23Que la question formulée par Félix Fénéon – « Iront-ils au Louvre ? » – soit reprise, quatre-vingts ans plus tard, lors de l’ouverture du pavillon des Sessions, peut sembler, à première vue, surprenant. On pourrait croire qu’un certain nombre d’interrogations, par ailleurs tout à fait justifiées dans les années 1920, portant sur les critères d’admission au Louvre, sur les qualités formelles des objets et sur la hiérarchie des valeurs culturelles, ne seraient plus considérées comme des interrogations à l’aube du xxie siècle. Or, force est de constater que ce n’est pas le cas. Des termes tels que « génie artistique », « création », « chefs-d’œuvre », « art primitif » et « art premier » ont resurgi à propos des objets extra-européens. Ce n’est pas un hasard si le choix des objets présentés au pavillon des Sessions s’est porté essentiellement sur la sculpture, avec l’exclusion tant des arts décoratifs que des objets d’art contemporain. Par ailleurs, lors des discussions tout au long des années 1997-1998 sur le caractère provisoire ou définitif de ce qu’on appelait à l’époque « l’antenne » au Louvre, des arguments tels que la nécessaire mise en contexte des objets extra-européens car ils « ne parlent pas d’eux-mêmes [7] » ont été avancés par un certain nombre de conservateurs de l’auguste institution, ce qui n’était pas sans rappeler certains arguments évoqués en 1820…

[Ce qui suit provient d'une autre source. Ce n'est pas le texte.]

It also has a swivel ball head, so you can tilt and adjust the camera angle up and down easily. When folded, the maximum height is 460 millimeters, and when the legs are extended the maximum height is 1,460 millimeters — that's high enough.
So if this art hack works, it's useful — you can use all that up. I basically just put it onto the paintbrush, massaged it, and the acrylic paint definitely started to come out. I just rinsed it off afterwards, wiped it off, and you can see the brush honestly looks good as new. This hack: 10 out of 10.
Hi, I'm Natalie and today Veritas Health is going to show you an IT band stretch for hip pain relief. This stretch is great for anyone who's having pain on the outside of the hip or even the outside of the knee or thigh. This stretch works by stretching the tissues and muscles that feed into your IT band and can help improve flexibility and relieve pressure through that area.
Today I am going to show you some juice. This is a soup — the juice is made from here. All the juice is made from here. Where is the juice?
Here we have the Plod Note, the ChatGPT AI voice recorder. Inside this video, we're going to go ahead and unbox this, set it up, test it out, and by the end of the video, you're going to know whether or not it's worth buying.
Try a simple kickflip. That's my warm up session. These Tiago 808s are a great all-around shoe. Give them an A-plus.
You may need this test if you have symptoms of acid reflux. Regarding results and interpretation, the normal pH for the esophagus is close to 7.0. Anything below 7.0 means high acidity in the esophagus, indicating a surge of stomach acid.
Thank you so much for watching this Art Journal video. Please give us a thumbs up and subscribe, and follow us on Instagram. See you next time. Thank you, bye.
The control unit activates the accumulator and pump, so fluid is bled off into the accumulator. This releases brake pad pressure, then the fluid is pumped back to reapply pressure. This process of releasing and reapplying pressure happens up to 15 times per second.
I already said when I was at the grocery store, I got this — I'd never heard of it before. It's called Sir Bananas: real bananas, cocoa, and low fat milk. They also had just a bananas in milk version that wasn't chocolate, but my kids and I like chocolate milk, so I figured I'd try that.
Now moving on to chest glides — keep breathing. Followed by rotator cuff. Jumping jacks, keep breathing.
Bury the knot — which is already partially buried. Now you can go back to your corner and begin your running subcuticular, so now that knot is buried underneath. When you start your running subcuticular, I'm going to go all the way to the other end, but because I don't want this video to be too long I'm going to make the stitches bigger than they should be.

24Que chaque nouveau musée de l’Autre doive son origine à un débat au sujet de l’art ou des arts mérite réflexion. C’est en 1937 que les collections d’ethnographie française se détachent du musée de l’Homme pour donner lieu aux atp ; en 1960, c’est aussi au nom des arts, cette fois d’Afrique et d’Océanie, que le maao est fondé. En 2000, une centaine d’objets extra-européens est exposée au pavillon des Sessions. D’ailleurs, l’élévation des objets extra-européens, devenus patrimoniaux, au rang d’œuvres d’art, si ce n’est de chefs-d’œuvre de l’Occident est réalisée au prix de l’effacement de leur valeur testimoniale/documentaire ; comme si, suivant les remarques de Régis Debray, « leur reconnaissance plénière comme choses de “culture” » allait de pair avec la « méconnaissance des choses telluriques qui leur servaient de terreau » [8]. Parallèlement, les objets issus des « hautes civilisations » de l’Asie et de l’Islam sont exposés indépendamment de ceux relevant des sociétés traditionnelles, au musée Guimet à Paris (fondé en 1889) pour ce qui est des arts asiatiques et au Louvre, dans un avenir très proche, en ce qui concerne les arts de l’Islam. Tout se passe comme si la mise en valeur d’un certain type d’objets extra-européens entraînait inévitablement la mise en question de la notion occidentale de l’art et, par conséquent, de celle d’objet d’art.

Musée de l’Autre et savoir disciplinaire

25Depuis presque deux siècles, chaque création d’un musée de l’Autre a entraîné une valse des collections révélatrice aussi bien du programme muséographique que du projet de savoirs sous-jacents.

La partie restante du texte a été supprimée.